====== Information shown ======
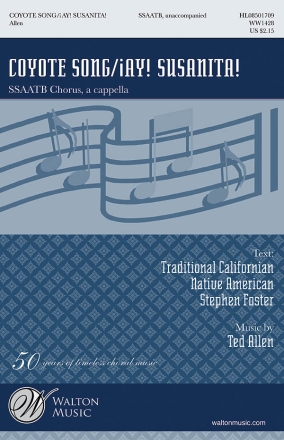 Ted Allen, Coyote Song / Ay Susanita SSAATB a Cappella Chorpartitur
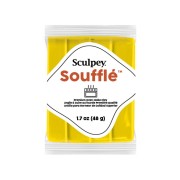 Jaune Soleil - Pasta Sculpey Soufflé 48 g - Giallo chiaro (n. 6079) Pasta Sculpey Soufflé 48 g - Giallo chiaro (n. 6079)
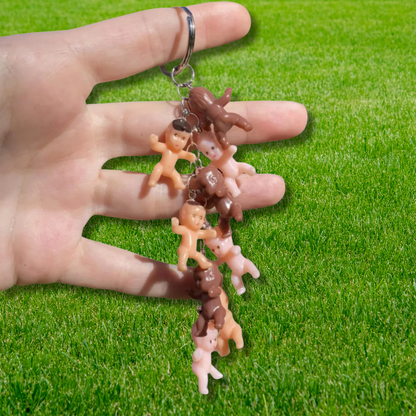 Baby Doll Dangle Keychain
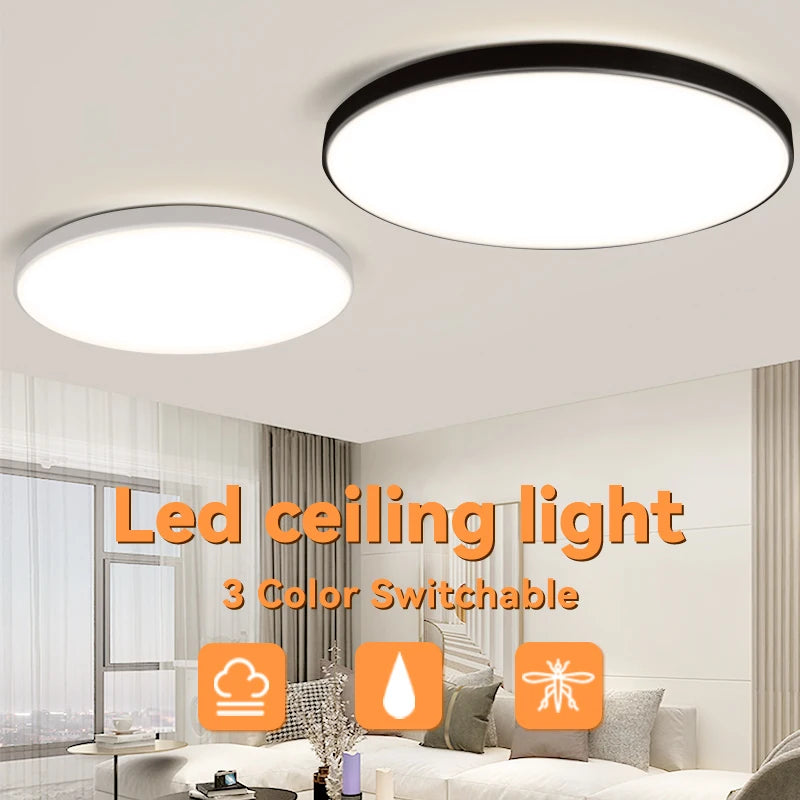 Modern Ceiling Lamp 220V Dustproof Led  Ultra-thin Ceiling Chandelier for Indoor Living Room Bedroom Decorative Ceiling Light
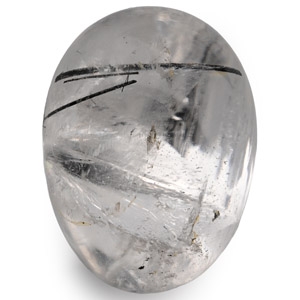 Rutilated Quartz Crystal Egg Mineral Display Specimen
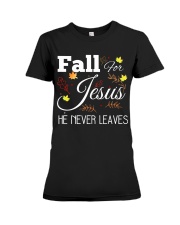Fall For Jesus Premium Fit Ladies Tee tile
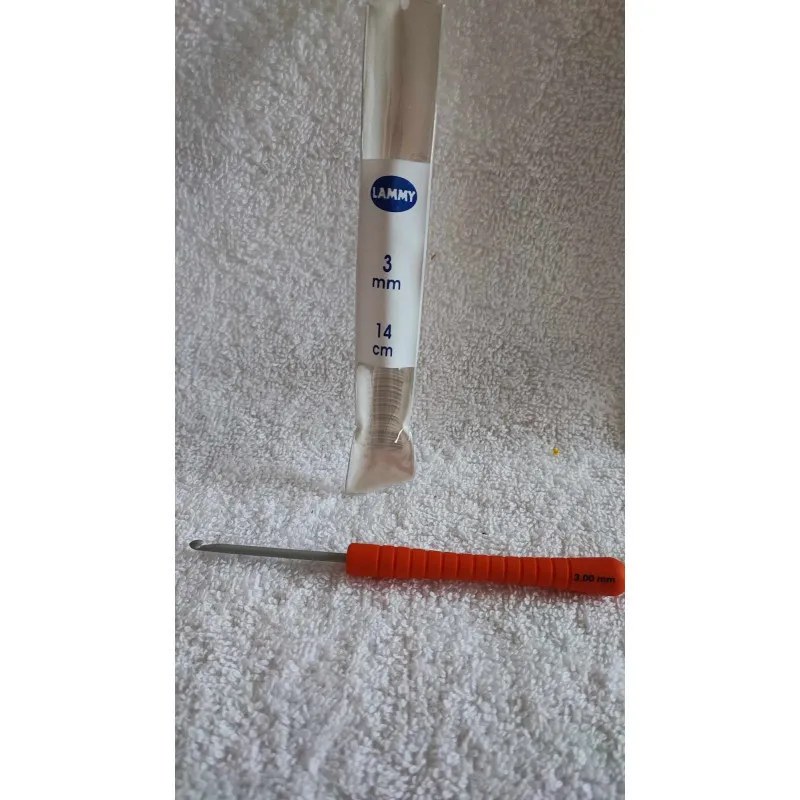 Crochet 3 mm ergonomique easy grip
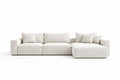 Polyester Fabric Modular Sectional Sofa with Chaise Lounge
======
▶ **What the task requires**
Each entry should be output word for word, with no pictures carried over.

▶ **Your solution**
 Ted Allen, Coyote Song / Ay Susanita SSAATB a Cappella Chorpartitur
 Jaune Soleil - Pasta Sculpey Soufflé 48 g - Giallo chiaro (n. 6079) Pasta Sculpey Soufflé 48 g - Giallo chiaro (n. 6079)
 Baby Doll Dangle Keychain
 Modern Ceiling Lamp 220V Dustproof Led  Ultra-thin Ceiling Chandelier for Indoor Living Room Bedroom Decorative Ceiling Light
 Rutilated Quartz Crystal Egg Mineral Display Specimen
Fall For Jesus Premium Fit Ladies Tee tile
 Crochet 3 mm ergonomique easy grip
 Polyester Fabric Modular Sectional Sofa with Chaise Lounge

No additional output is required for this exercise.